-- Your assignment --
In the records below, find the line that holds "Women's Essential Panel". Restate it and every later line exactly, stopping at the end and skipping pictures.
----- Input records -----
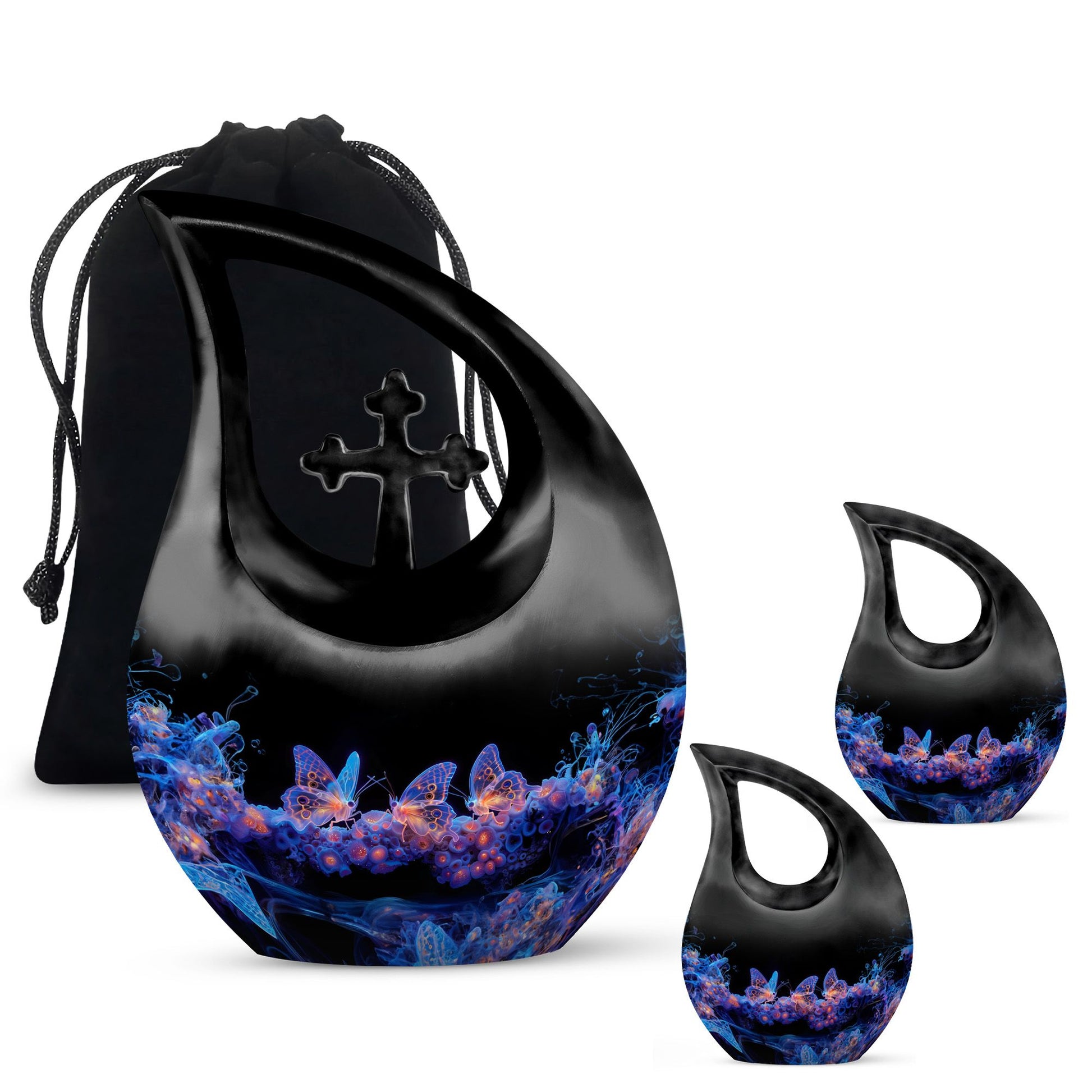 Neon Butterfly Nebula Black Urns - Butterfly Urns For Memorial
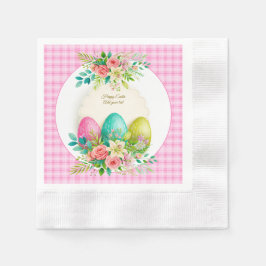 Florale Ostereier & Wasserfarbe Rosa Rosen Serviette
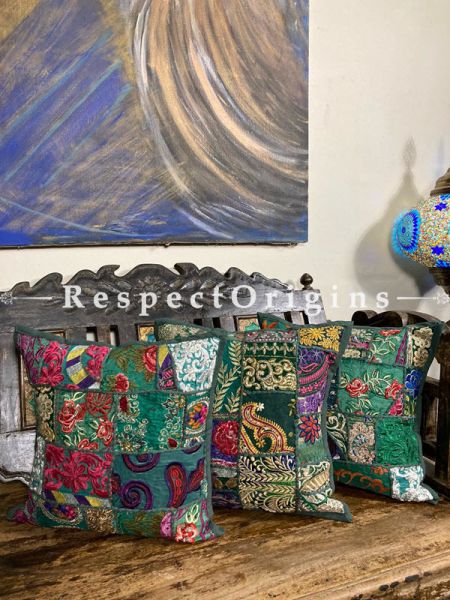 Kambadiya Embroidered Ethnic Throw n Lumbar Cushion cum Runner Gift Set; Dark Green; RespectOrigins.com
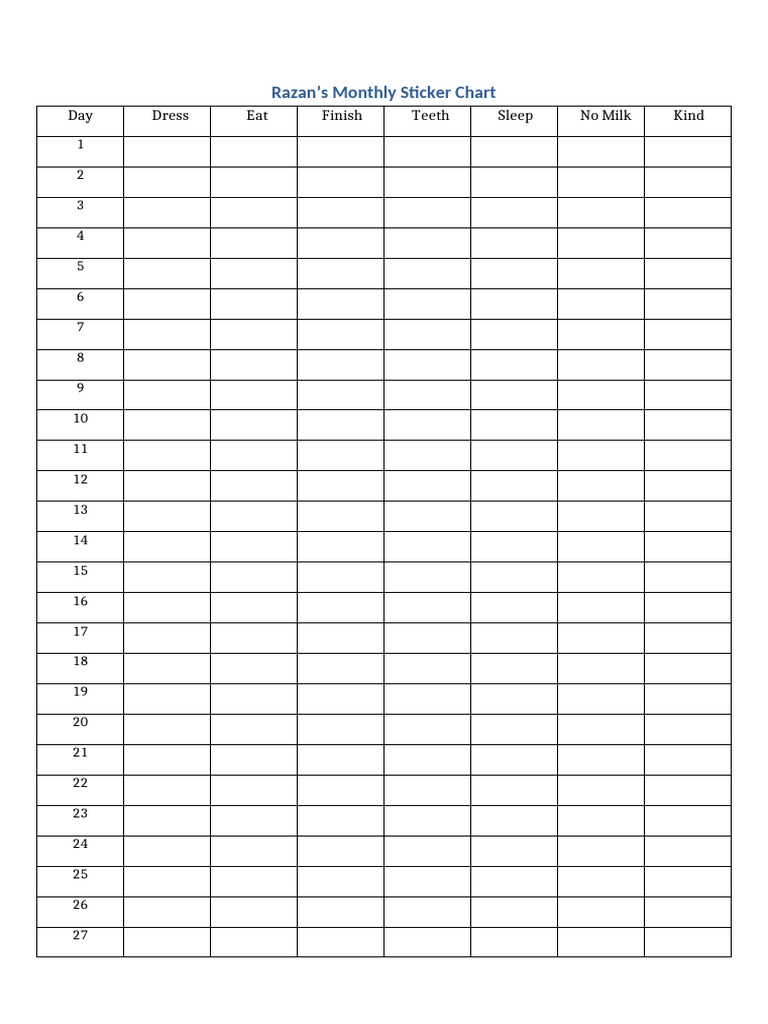 Razan Sticker Chart Spaced | PDF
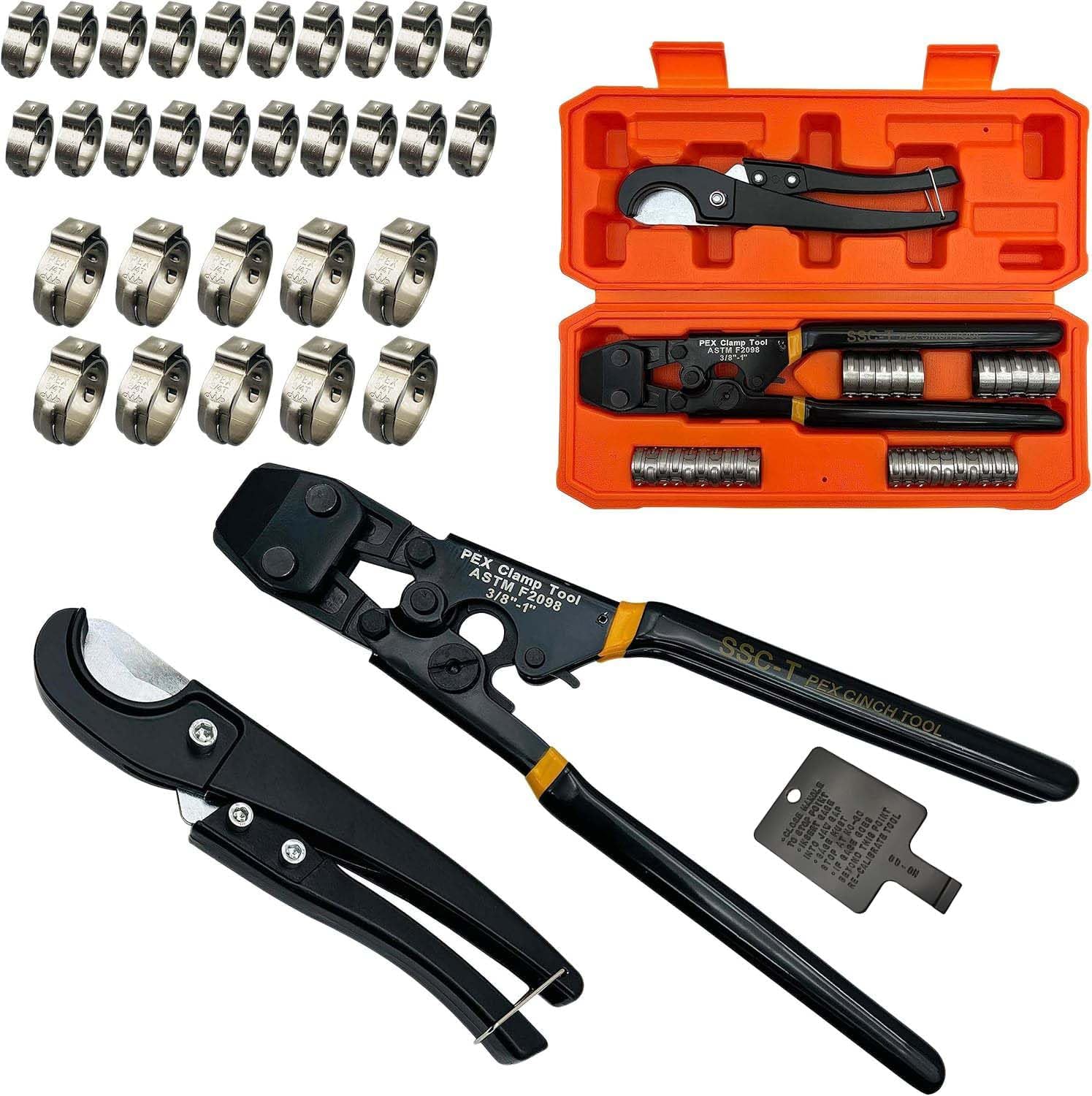 Pipe Cutter Ratchet - PEX Pipe Clamp Crimping Tool with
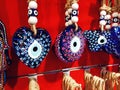 Traditional turkish evil eye charm lockets at a shop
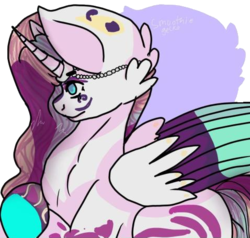 Size: 478x456 | Tagged: safe, artist:smoothie gecko, oc, oc only, oc:aurora risk, pegasus, pony, colored wings, fake horn, markings, sitting, solo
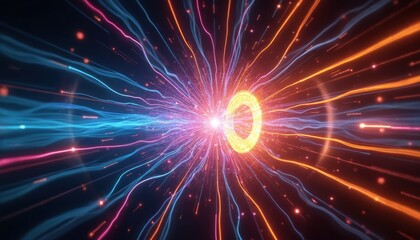 Stellarator fusion device computer visualization. Magnetic field lines containing plasma rendered neon colors. Futuristic energy tech background, modern innovative designs, related to future power.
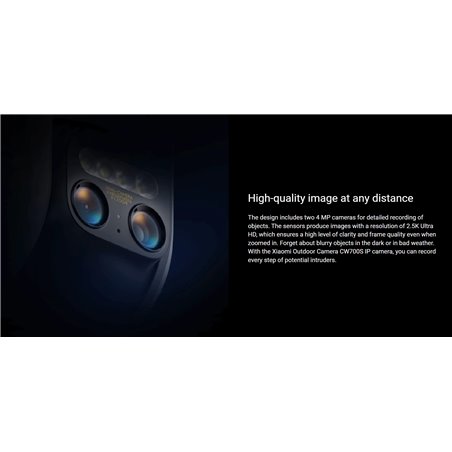 Xiaomi Outdoor Camera CW700S Dual Lens 4MPx 2.5KP/T Night Vision Two-Way Audio White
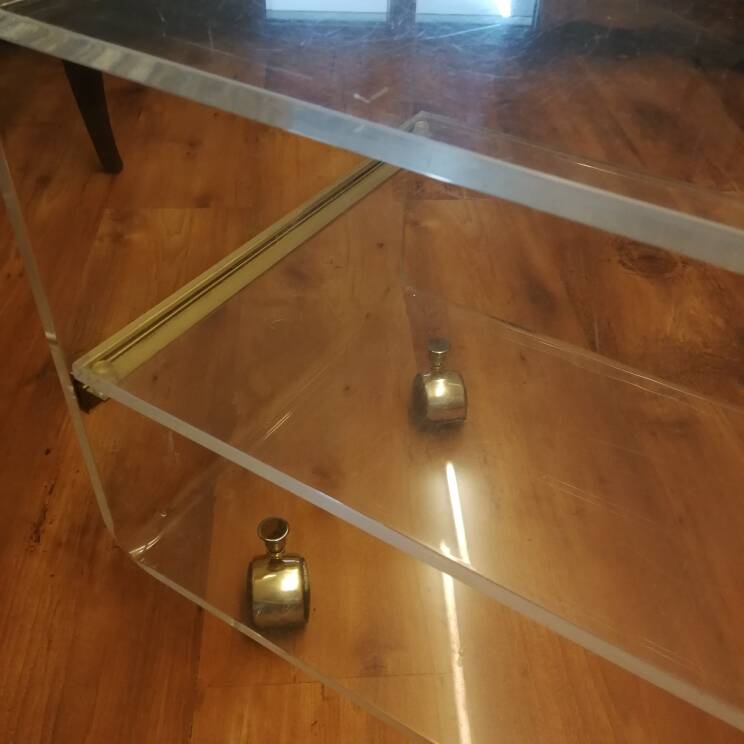 David Lange designer coffee table, plexiglass and gold metal, sliding top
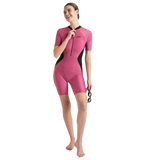Women's Essential Panel Kneesuit Swimwear - Hotmauve & Black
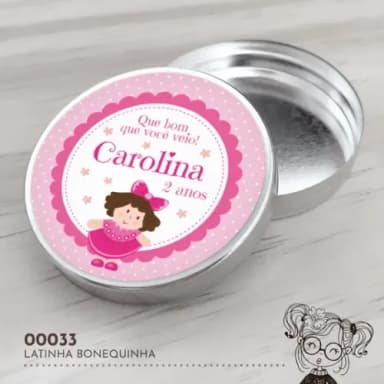 Latinha Adesivada Bonequinha - 00033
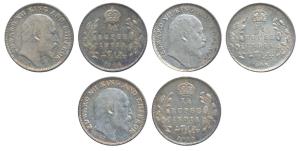 Edward VII, Silver ¼ Rupee (3), 1906, Calcutta Mint (Prid 435); 1908, Calcutta Mint, (Prid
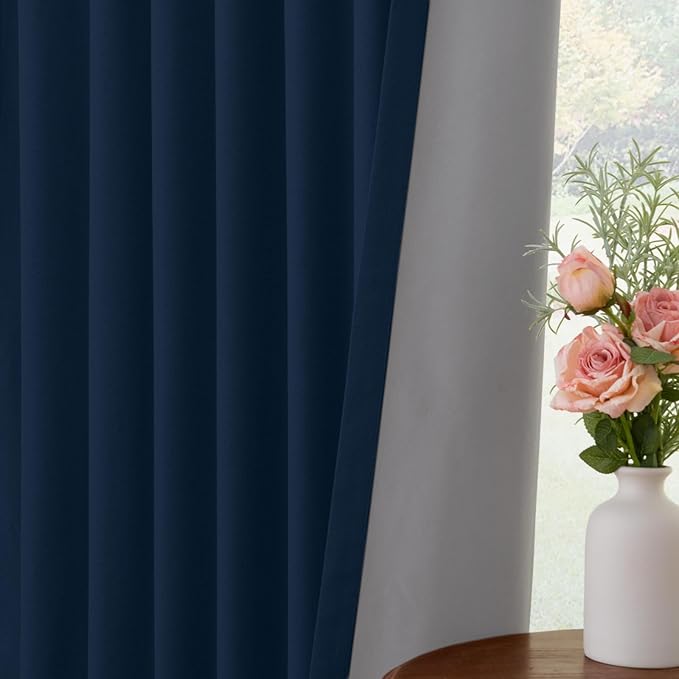 INOVADAY 100% Blackout Curtains for Bedroom, Black Out Curtains 72 Inch Long, Clip Rings Linen Blackout Drapes, Thermal Insulated Room Darkening for Living Room, 2 Panel - Midnight Blue,W50xL72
-----
-- Exercise output --
Women's Essential Panel Kneesuit Swimwear - Hotmauve & Black
 Latinha Adesivada Bonequinha - 00033
 Edward VII, Silver ¼ Rupee (3), 1906, Calcutta Mint (Prid 435); 1908, Calcutta Mint, (Prid
 INOVADAY 100% Blackout Curtains for Bedroom, Black Out Curtains 72 Inch Long, Clip Rings Linen Blackout Drapes, Thermal Insulated Room Darkening for Living Room, 2 Panel - Midnight Blue,W50xL72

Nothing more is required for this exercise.